1階リビングから玄関方向を見る。フロアレベルを下げてタイルを貼った「内庭」には水を張ることも考えたというが、池のようにも見える。階段上に見えているのがダイニングキッチン。




2階のダイニングキッチンからは、芝生で緑化した屋根庭を挟んで主寝室が見える。右手の東側道路が上がっているからだが、この位置からだと平屋のように感じる。

 「普通の屋根緑化と違って、見えるところが緑化されているので快適な反面、手入れしないと気になりますね。住んで5年目ですが、最初は肥料と水をやり過ぎて芝刈りが大変で(笑)。だんだんコツがわかってきて、去年は一度も刈らずにすみました」と小泉さんが言えば、「主人が出勤前に雑草を抜いて行ってくれるんですよ」と京子さん。

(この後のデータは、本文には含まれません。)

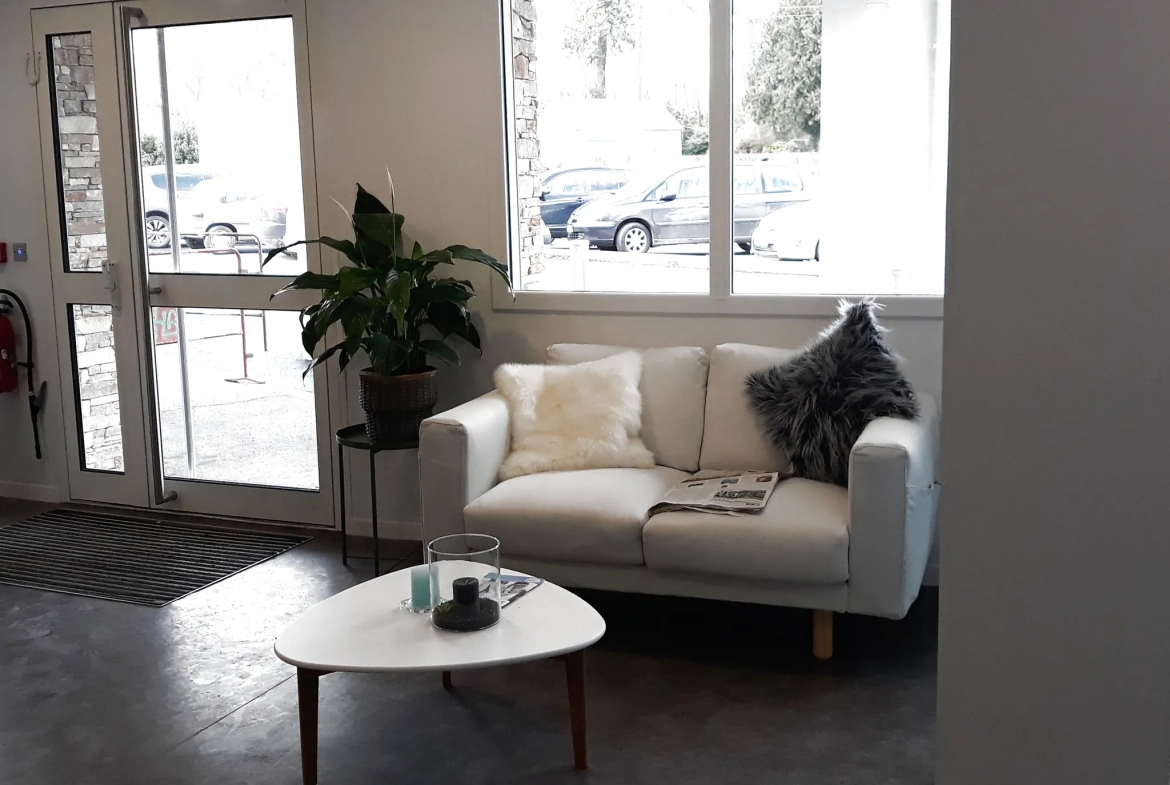 Appartement T2 35 m² à Fougères, Résidence Seniors avec locataire en place 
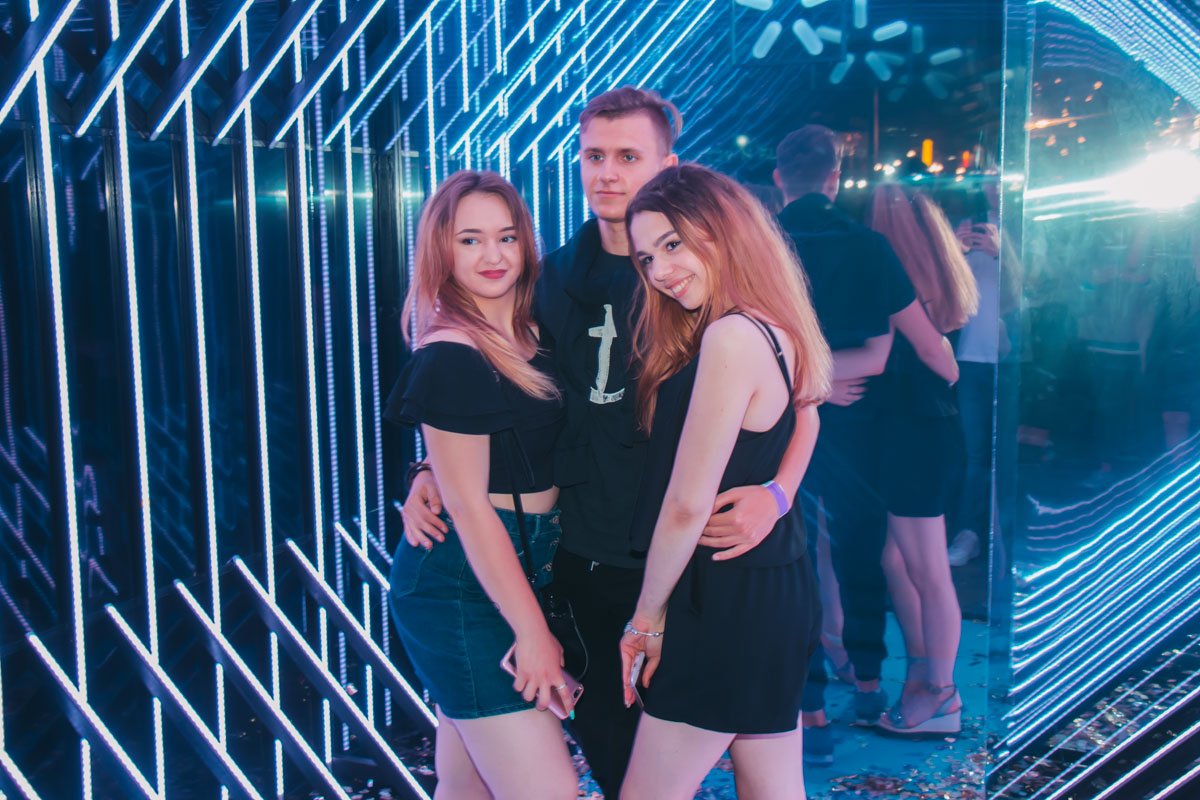 Няшки-близняшки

 その芝生庭を望む独立したダイニングキッチンはちょうどいい大きさで、とてもコージィな場所になっている。小泉さんはここを、イート・イン・キッチンと呼んでいた。

 「食事する場を日本ではリビングと一緒につくるけれど、食事の所作はそもそもプライベートな行為。キッチンも、冷蔵庫をはじめ必要に迫られて置くモノがたくさんあるから、食事とつくる場所は、くつろぎのスペース(リビング)と分けた方が理に叶っていると思う。よく『食事しながらテレビを見るな』と言いますが、食事とくつろぎをごっちゃにするから起きることで、それを分けて、テレビはリビングに置けば解決します。欧米のお宅ってそうなってますよね。招かれると、食事の後にリビングに移動してくつろぐ。日本だと一室空間(ワンルーム的つくり)が好まれるけれど、家の中に幾つかのコーナーがあった方が生活しやすいと思います」(小泉さん)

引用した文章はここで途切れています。